Representation is one of the most fundamental categories of art and literature. Re-presenting something no longer present, whether that be an object or action drawn from elsewhere in the world, or from the near or distant past, or entirely created from the imagination, is an action as old as humanity itself. Its basic aim, as Furetière suggested in the 17th century, is to ‘paint things as they are’. But as the history of modernity has taught us, when language intervenes – and especially when it becomes ‘text’ – the equation between the object and its mimetic representation is far from obvious. Furetière’s own observation that verbal representation has a rhetorical, psychological and rhythmic function in addition to the purely descriptive (or ‘pictorial’) suggests as much.

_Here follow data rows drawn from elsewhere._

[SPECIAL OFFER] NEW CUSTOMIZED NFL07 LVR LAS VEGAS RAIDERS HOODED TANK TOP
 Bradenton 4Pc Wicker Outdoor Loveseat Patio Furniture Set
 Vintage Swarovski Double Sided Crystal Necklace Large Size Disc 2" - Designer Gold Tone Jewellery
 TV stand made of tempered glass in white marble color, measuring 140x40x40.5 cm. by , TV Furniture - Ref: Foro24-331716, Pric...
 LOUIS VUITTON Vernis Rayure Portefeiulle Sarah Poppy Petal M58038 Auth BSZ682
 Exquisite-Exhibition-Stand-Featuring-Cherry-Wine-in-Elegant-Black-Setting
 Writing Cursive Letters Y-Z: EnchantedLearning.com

And from Mallarmé to Pessoa to Rilke, from Kafka to Lispector, from Borges to Beckett, writers of the 19th and 20th centuries have shifted their attention away from transitive depictions of the ‘absent object' to argue for a focus on the intransitive potentialities of literary language itself.
Although loosely mapping onto traditional literary studies in all their variety and breadth, the nucleus of this research cluster is (literary) language in both its transitive and intransitive incarnations, insofar as it brings together scholars working on different aspects of textual representation, whether this be from a poetic, fictional, rhetorical or indeed theoretical perspective. Of course, each of these starting points has its own history and logic, but each will offer access to new ways of understanding what Henri Meschonnic called ‘a form of language that transforms a form of life’.
- Representation, an Image that brings to mind or memory absent objects, & paints them as they are.
Representation, is also painting an action, or a true or false history, through speech. […] In their tragedies, poets make lively representations of the events of history, of the passions of heroes. Poetry is a speaking painting.
To represent, means to remonstrate, to attempt to persuade. […] A defendant represents his innocence to the judge.
Antoine Furetière, Dictionnaire universel (1690)
- The question is whether language’s role is to represent an unchanging world through unchanging means, varying only epithets and verbs in its description. Or if we can envision other means of expression which are non-descriptive and whether there is another type of signification born of that rupture.
Émile Benveniste, ‘Ce langage qui fait l’histoire' (1968)
- What I call poetry is a form of life that transforms a form of language and, reciprocally, a form of language that transforms a form of life. A poem therefore transforms the writer, but it also transforms the reader.